No es un encuentro a la luz del sol. Es un diálogo en la sombra, en el claroscuro de una noche que protege y suspende los juicios. Como si solo al abrigo de la luz, en esa penumbra, se pudiera decir lo que de otro modo quedaría sepultado bajo las fórmulas.

Cristo de Grünewald

Jesús habla. En un momento dado, dice: «Nadie ha subido al cielo, sino el que bajó del cielo, el Hijo del hombre». Es una frase como una escalera vertiginosa. Una subida y una bajada. Pero no estamos hablando de estrellas y planetas. No es geografía celeste. Es una cuestión más íntima, más dramática. Jesús está contando una historia —la suya— sin decirlo todo, dejando que quien escucha entre en ella como en una parábola.

Luego cambia de imagen. Y como un pintor que posa el pincel sobre el desierto, Jesús evoca una escena antigua, grabada en la memoria del pueblo: «Como Moisés levantó la serpiente en el desierto, así debe ser levantado el Hijo del hombre». De repente, ya no estamos en la oscuridad de la noche, sino bajo el implacable sol del Sinaí. Las dunas, la arena, las mordeduras de las serpientes, el miedo. En el libro de los Números se cuenta que, para salvar a los israelitas de las serpientes venenosas, Dios ordenó a Moisés que fabricara una de bronce y la levantara sobre un asta. Quien la miraba, se curaba. No por magia. Por la mirada.

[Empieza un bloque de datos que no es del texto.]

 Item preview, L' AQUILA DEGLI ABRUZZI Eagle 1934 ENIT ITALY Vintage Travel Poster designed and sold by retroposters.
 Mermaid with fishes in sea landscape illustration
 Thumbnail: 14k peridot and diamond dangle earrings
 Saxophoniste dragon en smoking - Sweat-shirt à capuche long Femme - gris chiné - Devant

Jesús se identifica con esa imagen: él será levantado, pero no sobre un pedestal. No sobre un trono. Sobre una cruz. No como emblema de poder, sino como signo expuesto, vulnerable, ambiguo. Como una serpiente de bronce que evoca lo que da miedo, pero lo invierte. Un símbolo de muerte transformado en posibilidad de vida.

Me viene a la mente el Cristo crucificado pintado por Grünewald en el Altar de Isenheim. El cuerpo retorcido, la piel llagada, las espinas como clavos en la carne. No hay belleza. No hay majestad. Y, sin embargo, ahí se concentra todo el poder del amor que no elimina el horror, sino que lo atraviesa. Que no lo embellece, sino que lo habita.

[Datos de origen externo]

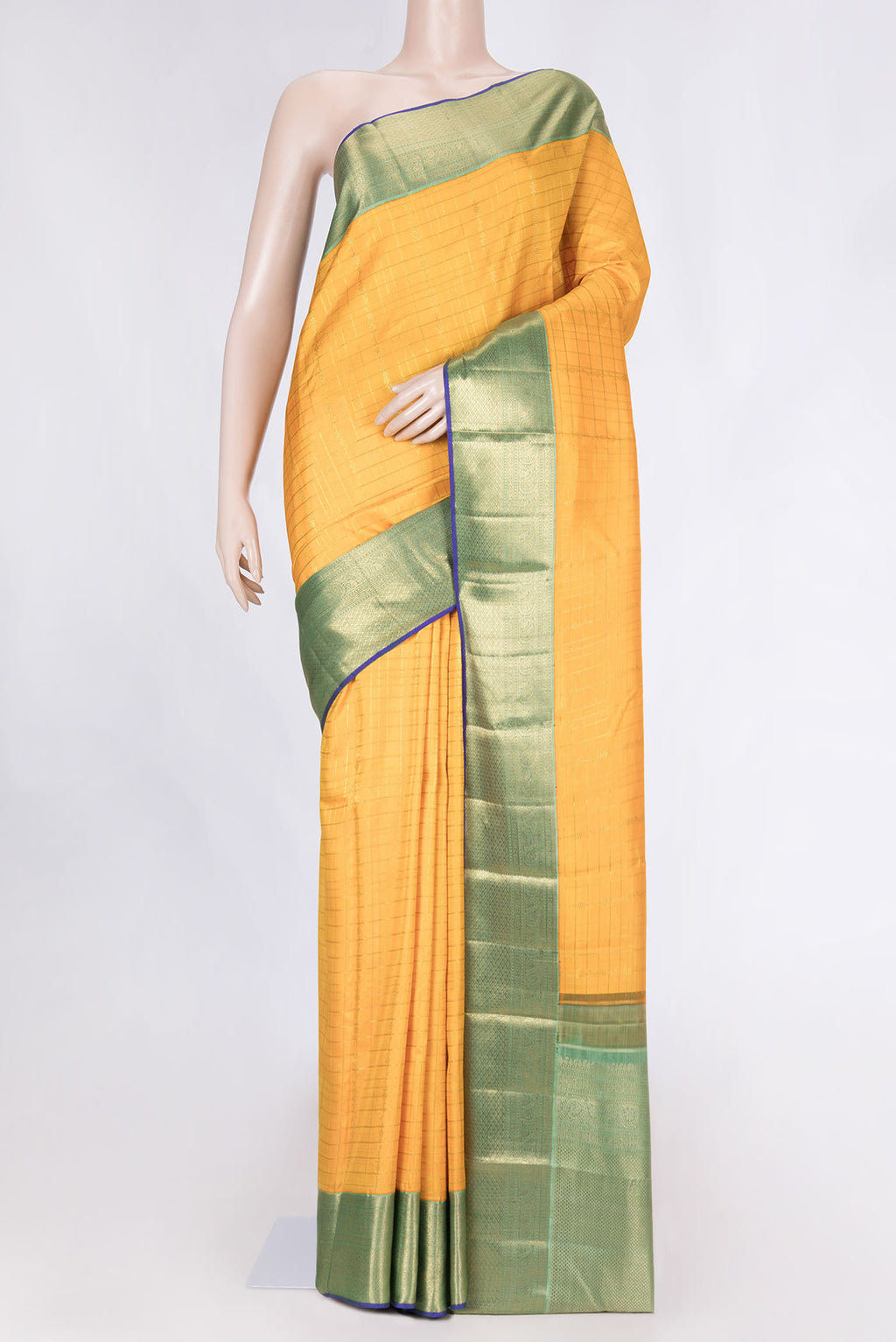 Pure Silk Pure Zari Orange Dual Tone Kanchipuram Saree with Checked design on the body and Zari Border displayed on a mannequin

Y entonces, como un rayo que rasga la noche, Jesús pronuncia palabras que hacen vibrar los tiempos: «Dios amó tanto al mundo que dio a su Hijo único». No dio una fórmula, una doctrina, sino al Hijo «para que todo aquel que cree en él no se pierda, sino que tenga vida eterna». El amor de Dios no es un concepto. Es una exposición. Es una herida abierta. Es un don que no retiene nada para sí mismo.

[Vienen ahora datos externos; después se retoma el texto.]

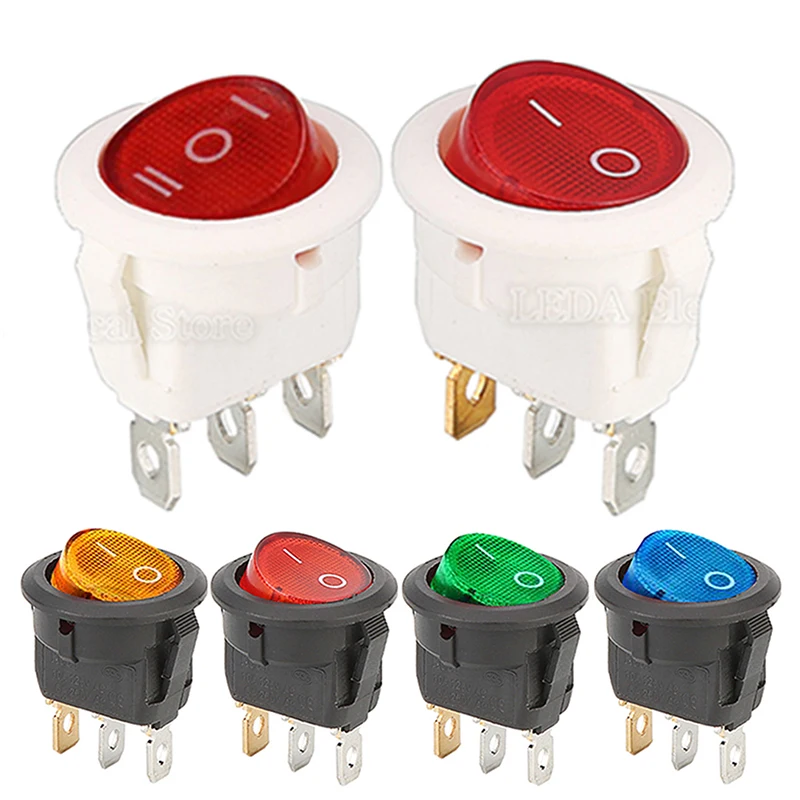 

6Pcs KCD1-105N 16.5mm/23mm 12V 220V Round Rocker Dot Boat LED Light Toggle Push Button Switch SPST 3Pin ON/OFF Self-locking KCD1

Una vez más, todo se juega entre lo alto y lo bajo. El cielo no es un lugar más allá de las nubes. Es una dirección de la mirada. Es una relación. Y el verdadero gesto no es subir, sino acoger a quien ha bajado. Reconocer la divinidad no cuando triunfa, sino cuando se deja clavar. No en la fuerza que impone. Sino en la debilidad que se deja ver. No en el dominio, sino en la desnudez del amor que se expone. En esa frase se esconde toda la tensión trágica del Evangelio: «Dios no ha venido a suprimir el sufrimiento. No ha venido a explicarlo. Ha venido a llenarlo con su presencia» (Paul Claudel).

Las cosas que nos asustan, que parecen anunciar solo la muerte, pueden convertirse en puertas. Pasajes. Si no apartamos la mirada. La salvación no es una huida, sino una forma diferente de habitar la herida. Es allí, en esa noche de Nicodemo, donde comienza la mayor revelación: el cielo no está en otra parte.